* ASSIGNMENT
Of the lines in the data below, write out exactly those from the one holding "高中地理《人口增长模式》同步练习4（湘教版必修2）_第1页" through the one holding "IKEA 365+ Food", both included.

[Collected data entries]
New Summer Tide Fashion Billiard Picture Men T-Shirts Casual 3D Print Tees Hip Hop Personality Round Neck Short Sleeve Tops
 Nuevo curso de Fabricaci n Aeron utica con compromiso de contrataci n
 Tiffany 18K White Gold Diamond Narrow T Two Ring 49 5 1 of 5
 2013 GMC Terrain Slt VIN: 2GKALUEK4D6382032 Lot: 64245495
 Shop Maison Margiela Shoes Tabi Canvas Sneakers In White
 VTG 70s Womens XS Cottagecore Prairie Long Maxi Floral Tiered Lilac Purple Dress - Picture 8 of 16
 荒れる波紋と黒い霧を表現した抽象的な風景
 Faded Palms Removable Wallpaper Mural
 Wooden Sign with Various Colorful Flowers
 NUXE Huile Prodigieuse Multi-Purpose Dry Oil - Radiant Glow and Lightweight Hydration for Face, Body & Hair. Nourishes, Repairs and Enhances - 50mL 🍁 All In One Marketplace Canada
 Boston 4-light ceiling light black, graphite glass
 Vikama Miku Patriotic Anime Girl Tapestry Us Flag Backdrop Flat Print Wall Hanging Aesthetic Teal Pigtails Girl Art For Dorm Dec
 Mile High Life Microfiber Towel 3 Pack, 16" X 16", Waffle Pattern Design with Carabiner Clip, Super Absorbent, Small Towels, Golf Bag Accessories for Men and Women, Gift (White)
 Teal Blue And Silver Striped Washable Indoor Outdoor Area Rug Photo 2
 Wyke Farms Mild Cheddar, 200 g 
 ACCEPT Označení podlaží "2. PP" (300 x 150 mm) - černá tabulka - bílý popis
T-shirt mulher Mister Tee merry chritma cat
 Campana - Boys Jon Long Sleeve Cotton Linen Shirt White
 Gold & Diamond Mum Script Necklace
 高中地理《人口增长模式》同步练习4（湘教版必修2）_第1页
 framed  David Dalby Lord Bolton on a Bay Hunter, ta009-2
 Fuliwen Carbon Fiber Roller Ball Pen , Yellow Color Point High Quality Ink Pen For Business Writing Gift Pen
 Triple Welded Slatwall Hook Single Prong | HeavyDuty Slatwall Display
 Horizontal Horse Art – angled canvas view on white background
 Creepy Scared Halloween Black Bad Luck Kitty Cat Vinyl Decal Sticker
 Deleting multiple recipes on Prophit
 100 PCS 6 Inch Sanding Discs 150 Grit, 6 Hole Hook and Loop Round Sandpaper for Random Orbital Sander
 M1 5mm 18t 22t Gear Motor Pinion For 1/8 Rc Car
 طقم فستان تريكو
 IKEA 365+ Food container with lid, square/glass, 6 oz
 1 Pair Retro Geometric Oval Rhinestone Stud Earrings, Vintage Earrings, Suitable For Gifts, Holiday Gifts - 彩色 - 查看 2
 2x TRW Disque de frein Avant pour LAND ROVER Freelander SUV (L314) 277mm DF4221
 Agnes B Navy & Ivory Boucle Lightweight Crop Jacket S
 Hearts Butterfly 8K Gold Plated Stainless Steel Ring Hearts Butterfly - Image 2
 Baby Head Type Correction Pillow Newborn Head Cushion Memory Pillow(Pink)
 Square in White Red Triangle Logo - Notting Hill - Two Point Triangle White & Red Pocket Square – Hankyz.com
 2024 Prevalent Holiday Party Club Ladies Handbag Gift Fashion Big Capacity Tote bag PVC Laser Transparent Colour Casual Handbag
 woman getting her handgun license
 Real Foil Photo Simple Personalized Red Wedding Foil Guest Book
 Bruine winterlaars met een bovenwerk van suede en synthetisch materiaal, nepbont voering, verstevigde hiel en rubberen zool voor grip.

* RESULT OF THIS TASK
 高中地理《人口增长模式》同步练习4（湘教版必修2）_第1页
 framed  David Dalby Lord Bolton on a Bay Hunter, ta009-2
 Fuliwen Carbon Fiber Roller Ball Pen , Yellow Color Point High Quality Ink Pen For Business Writing Gift Pen
 Triple Welded Slatwall Hook Single Prong | HeavyDuty Slatwall Display
 Horizontal Horse Art – angled canvas view on white background
 Creepy Scared Halloween Black Bad Luck Kitty Cat Vinyl Decal Sticker
 Deleting multiple recipes on Prophit
 100 PCS 6 Inch Sanding Discs 150 Grit, 6 Hole Hook and Loop Round Sandpaper for Random Orbital Sander
 M1 5mm 18t 22t Gear Motor Pinion For 1/8 Rc Car
 طقم فستان تريكو
 IKEA 365+ Food container with lid, square/glass, 6 oz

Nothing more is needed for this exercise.